• WHAT THE TASK REQUIRES
A faithful copy is required. Print each line of the data exactly and omit the pictures.

*** RECORDED INFORMATION ***

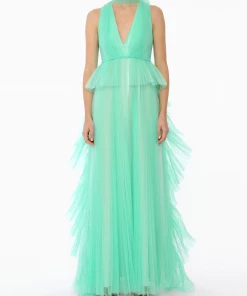 Huishan Zhang NEW SEASON ALANA GOWN PALE GREEN TULLE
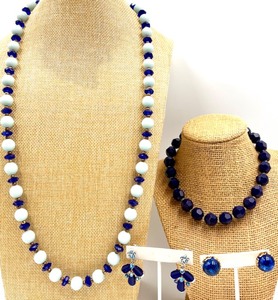 lot 82 image: Vintage Jewelry Set with 2 Blue Bead Necklaces, and 2 Pairs of Earrings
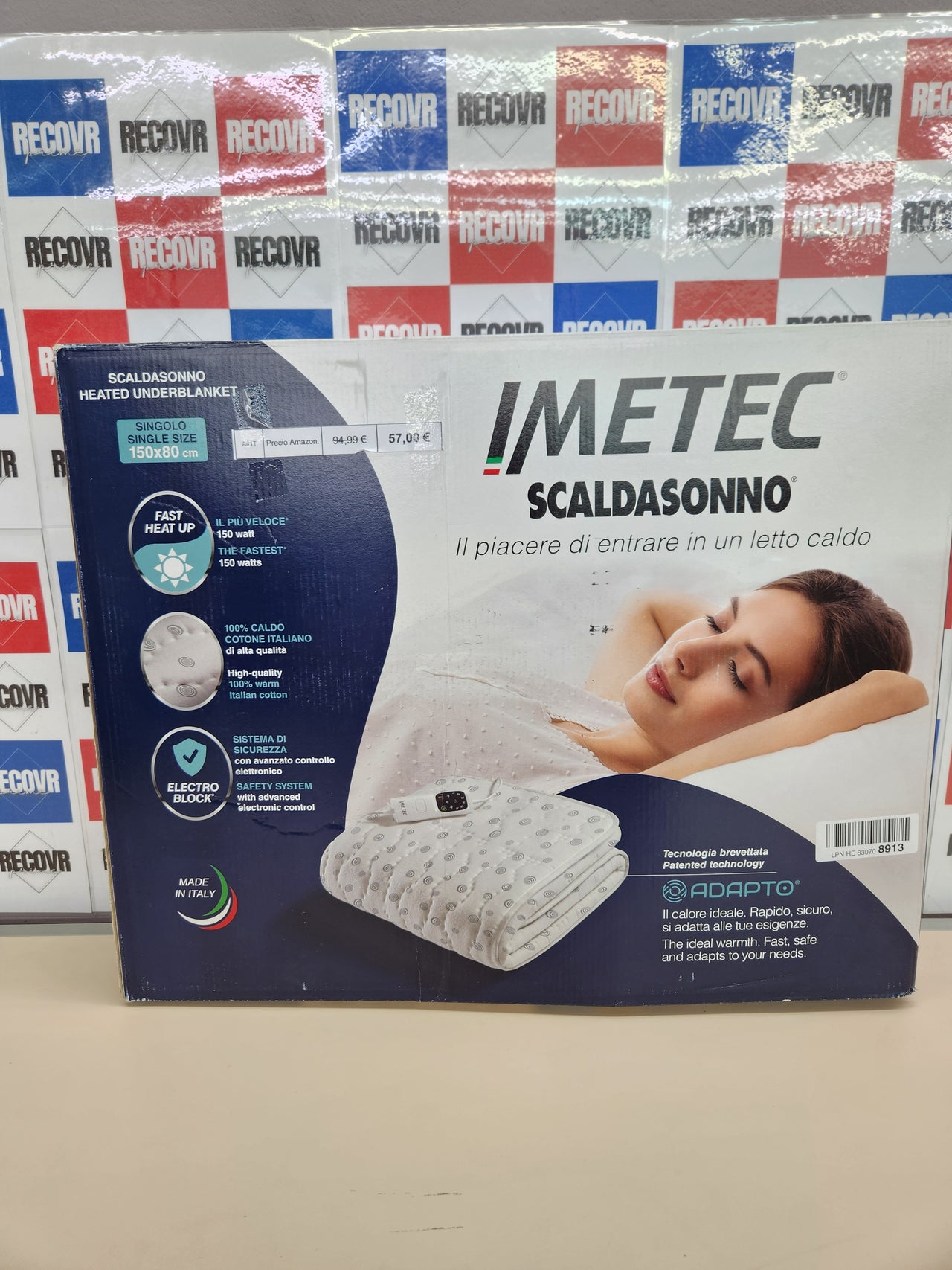 Imetec Adapto Calientacamas individual 150x80 cm, 100% algodón, tecnología patentada, rápido calentamiento, sistema de protección Electro Block, 2 mandos con 6 niveles de temperaturas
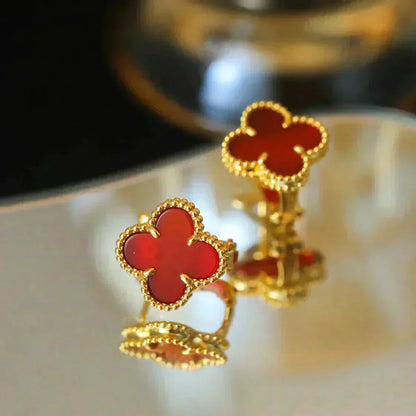 [Sophire Jewelry ]CLOVER MEDIUM 1 MOTIFS CARNELIAN  EARRINGS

*** End of RECORDED INFORMATION ***

• EXPECTED ANSWER
 Huishan Zhang NEW SEASON ALANA GOWN PALE GREEN TULLE
 lot 82 image: Vintage Jewelry Set with 2 Blue Bead Necklaces, and 2 Pairs of Earrings
 Imetec Adapto Calientacamas individual 150x80 cm, 100% algodón, tecnología patentada, rápido calentamiento, sistema de protección Electro Block, 2 mandos con 6 niveles de temperaturas
 [Sophire Jewelry ]CLOVER MEDIUM 1 MOTIFS CARNELIAN  EARRINGS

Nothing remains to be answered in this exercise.